▸ Records for this task
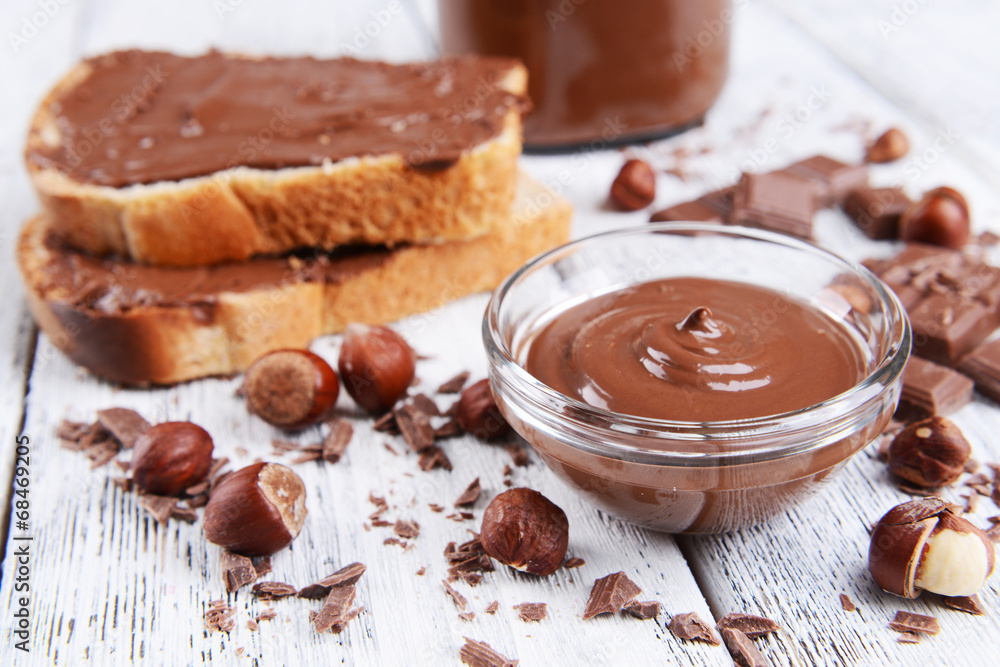 Sweet chocolate cream in bowl on table close-up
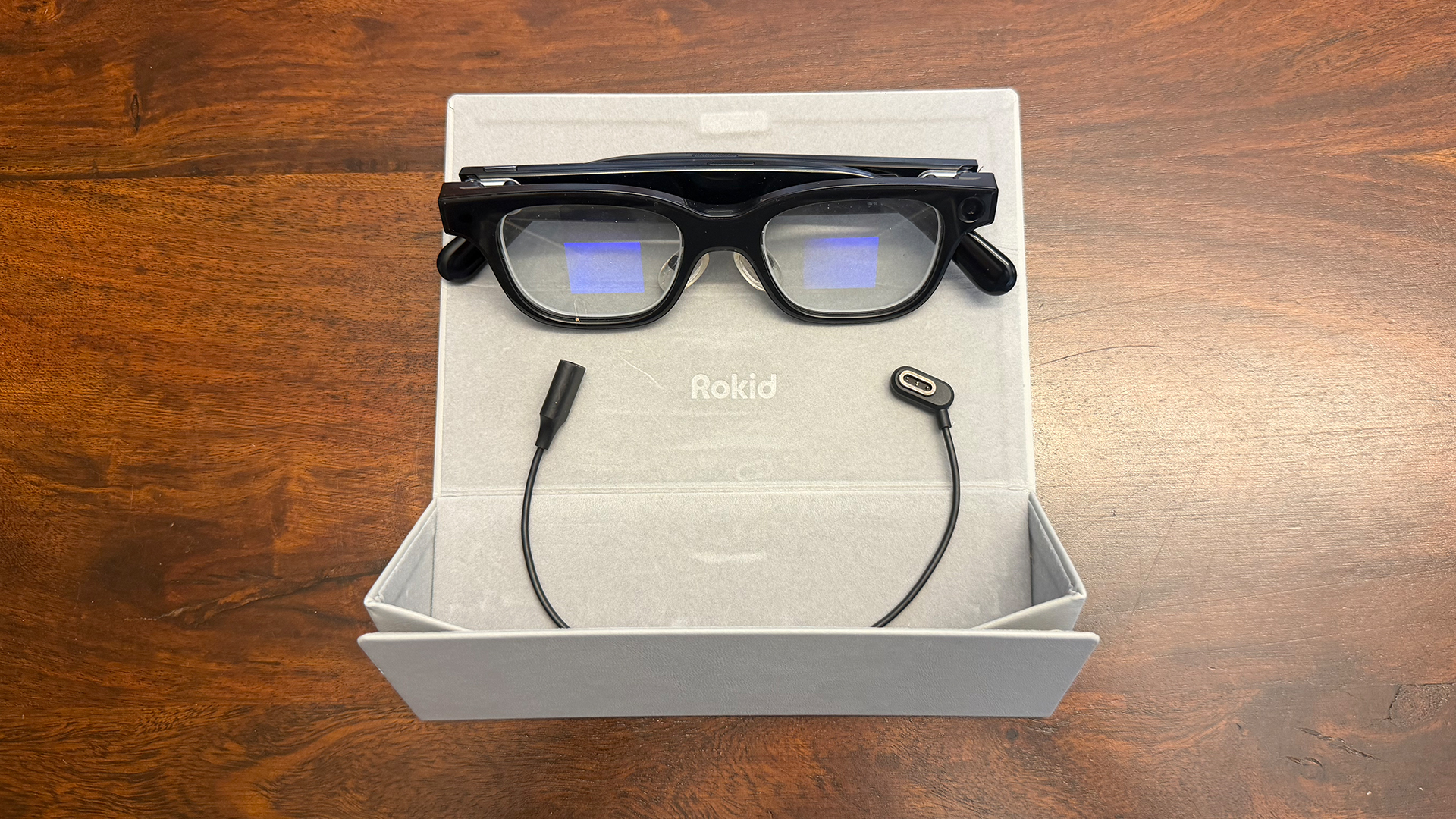 The Rokid smart glasses atop their case with the charging cable.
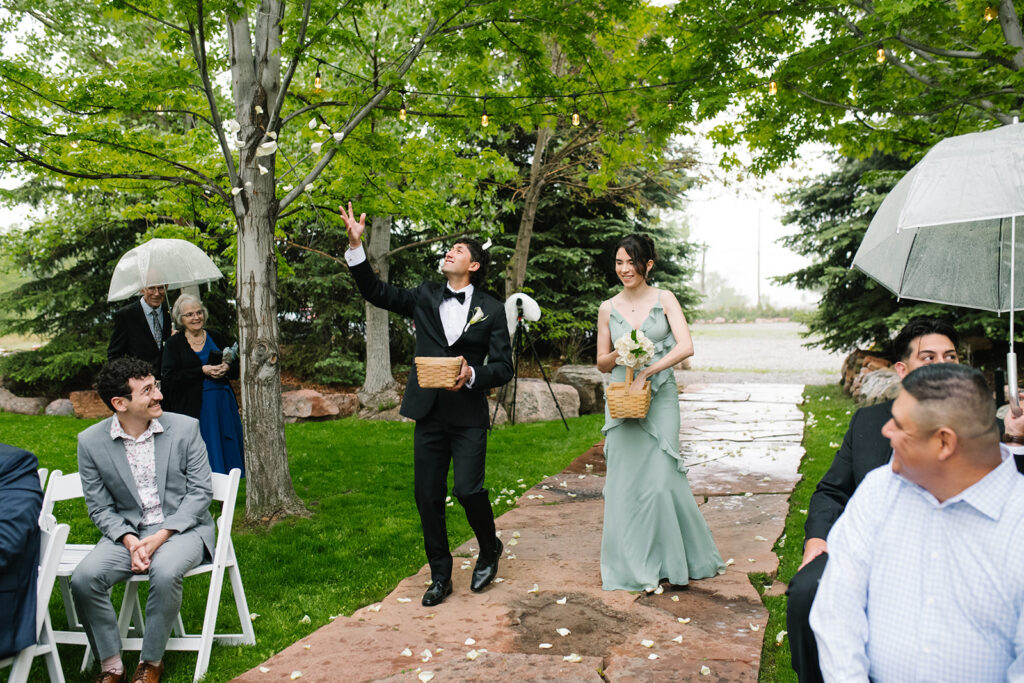 Rainy spring Greenbriar Inn wedding ceremony at Greenbriar Falls in boulder colorado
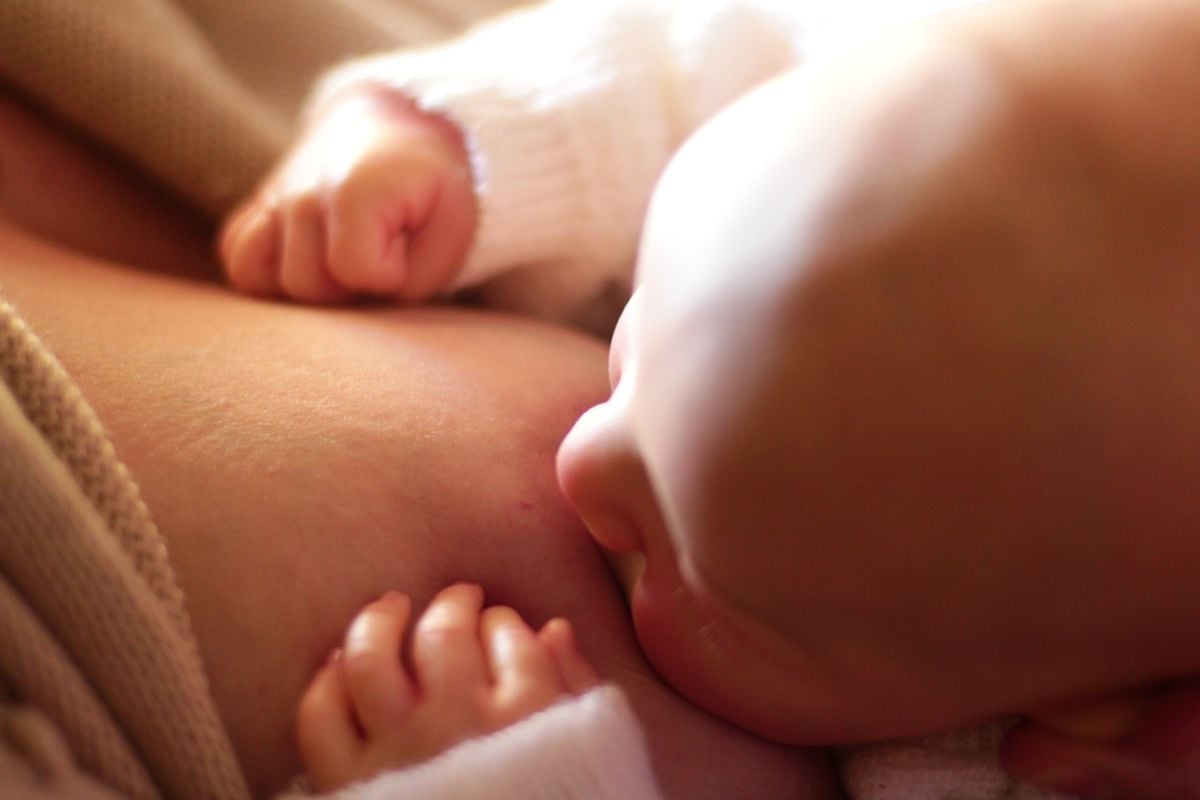 Newborn feeding close to mom, protecting milk supply with overnight care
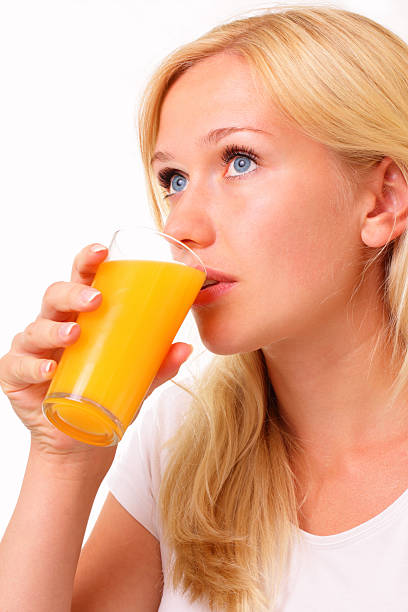 Beautiful young woman drinking juice stock photo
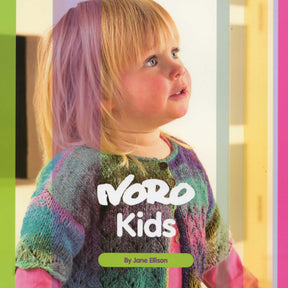 A toddler with blonde hair is wearing a colorful hand-knitted cardigan. The text on the image reads "Noro Kids by Knitting Fever / Euro Yarns." The background consists of vertical stripes in different pastel colors, highlighting the unique little one’s charming outfit made with Noro yarns.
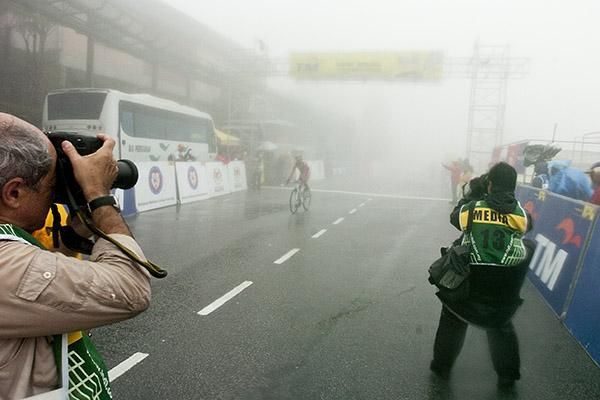 Photographers had little time to focus on the riders as they appeared from deep within the road up Genting Highlands.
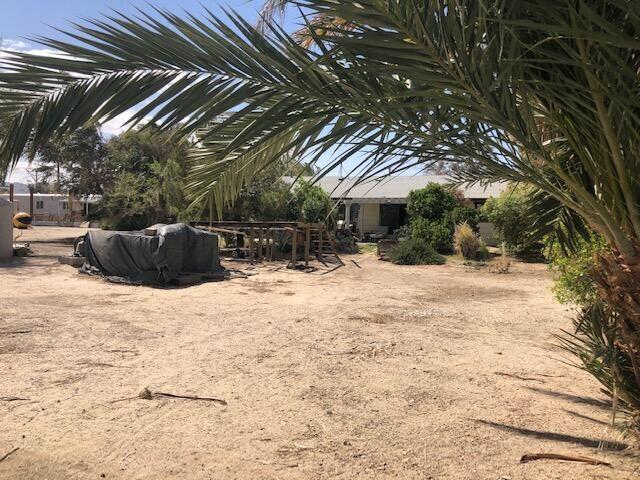 25650 Kaiser Road Desert Center, CA 92239 - Photo 29 of 44 a view of the backyard of a house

▸ About this exercise
Please repeat, with no pictures, each line from the start of the records above through the line with "Beautiful young woman", inclusive, and only those.

▸ Solution
 Sweet chocolate cream in bowl on table close-up
 The Rokid smart glasses atop their case with the charging cable.
 Rainy spring Greenbriar Inn wedding ceremony at Greenbriar Falls in boulder colorado
 Newborn feeding close to mom, protecting milk supply with overnight care
 Beautiful young woman drinking juice stock photo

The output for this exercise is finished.